GRATITUDE MONTH: DAY 14: “You can brainwash yourself to make yourself believe you are in heaven or in hell, at any given moment.” ― Ilwaad Isa
I have seen how what I focus on creates the reality of my life in that moment. If I am focused on self-centered fear (Ego…Screaming Purple Monkeys…SPM), then I am going to be completely blocked from the love and miracles that surround me all the time.
I am only focused on the problems of my life. And, so far, I am incapable of resolving any of them by focusing on them. It is only when I remove my focus to something else that resolution occurs. And it is very seldom anything that I can create.

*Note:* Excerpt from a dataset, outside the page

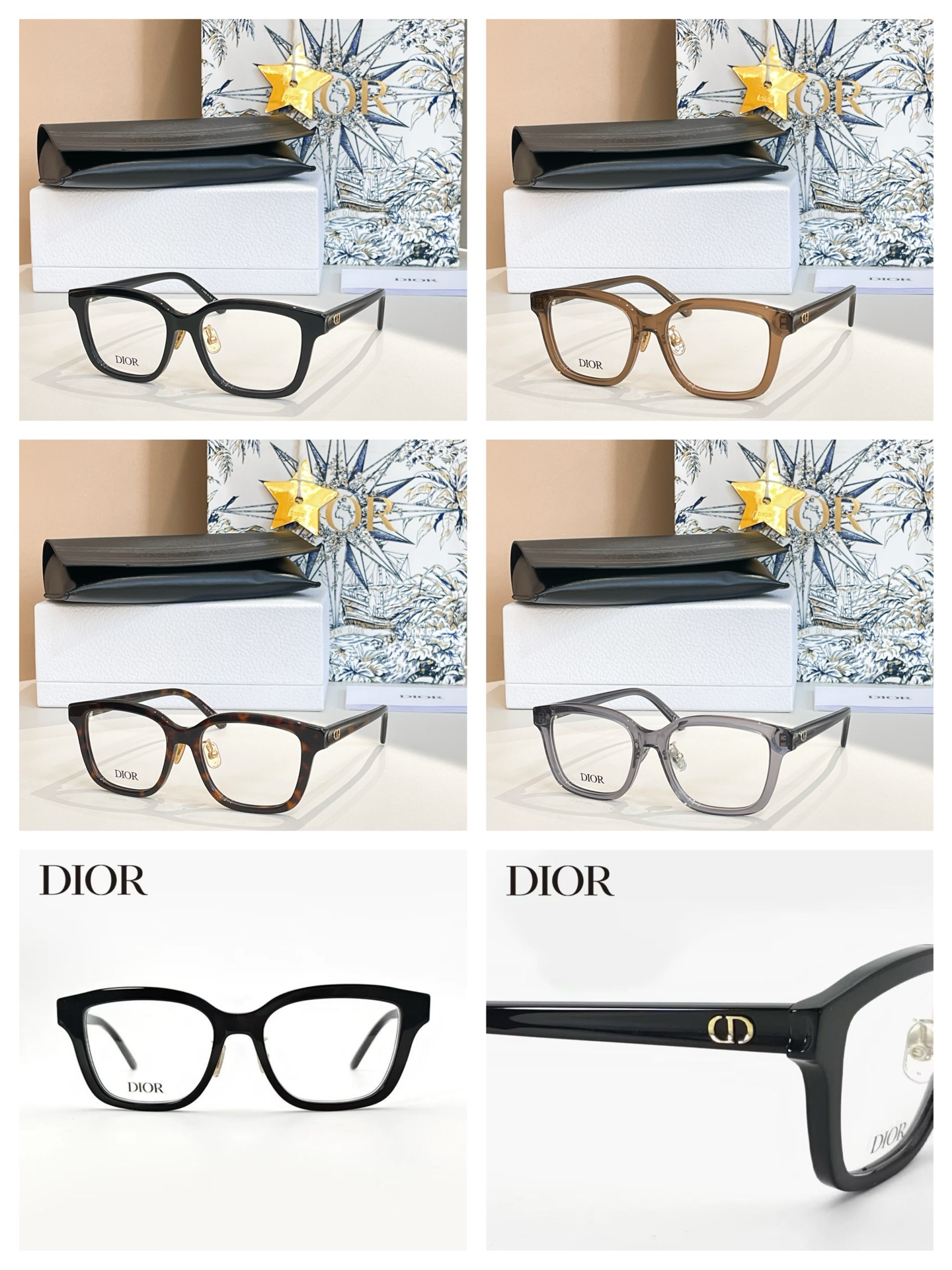 DIO*🌟🌟🌟MODEL：Dio*GlowO S1F 🌟🌟🌟SIZE：51口17-145🌟🌟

It is always the work of the Universal Power, in some aspect, that comes along to resolve the things that I deem as problematic.

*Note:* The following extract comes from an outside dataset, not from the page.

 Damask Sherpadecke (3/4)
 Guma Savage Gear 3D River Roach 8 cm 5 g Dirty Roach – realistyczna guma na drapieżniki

It is ALWAYS going to be a shift in my perspective that creates resolution. Most of the time, I am completely clueless about what the problem really is. I may think it is a problem of not enough money, but that is ALWAYS coming back to me as a problem of not enough faith in the Universe to take care of my needs…again and again.

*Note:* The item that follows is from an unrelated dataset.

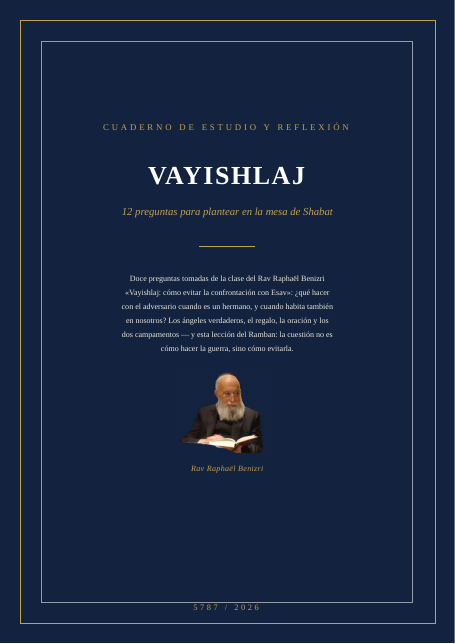 Vayishlaj — cómo evitar la confrontación con Esav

So, I have learned to focus on all the billions of things that are good and fine in the world I inhabit…my energy, my health, my beautiful surroundings, my arms, my legs, my heartbeat, the lessons I have learned (even when I knew they were insurmountable problems!), the people who come to teach me, over and over, the new lessons waiting for me. The sun, the moon, the stars, the air, the water, the amazing animals that open my heart each day, my hands…omg! I can do the MOST astonishing things with my hands…hundreds of really cool and amazing things…I LOVE, REALLY LOVE my hands! Wow! And if I do not make it a point to love them, I take them for granted.
AND, I am absolutely convinced I would be the loudest screamer in the world if I did not have my hands. I would be hysterical if I lost even one finger. OMG! So, why is it that I have to work so hard to say thank you to my amazing hands?
Isn’t THAT the true nature of addiction? To take all of our millions of blessings for granted, every day, all the time…and whine about some stupid shit that happened when someone cuts us off on the freeway or someone as self-centered as me does something to hurt my wittle baby feelings???? Geez! Get a grip!
So, gratitude is the way I live in heaven today, because I do.
OR, lack of it is the way I live in hell today, because I have. Your choice, where you gonna live?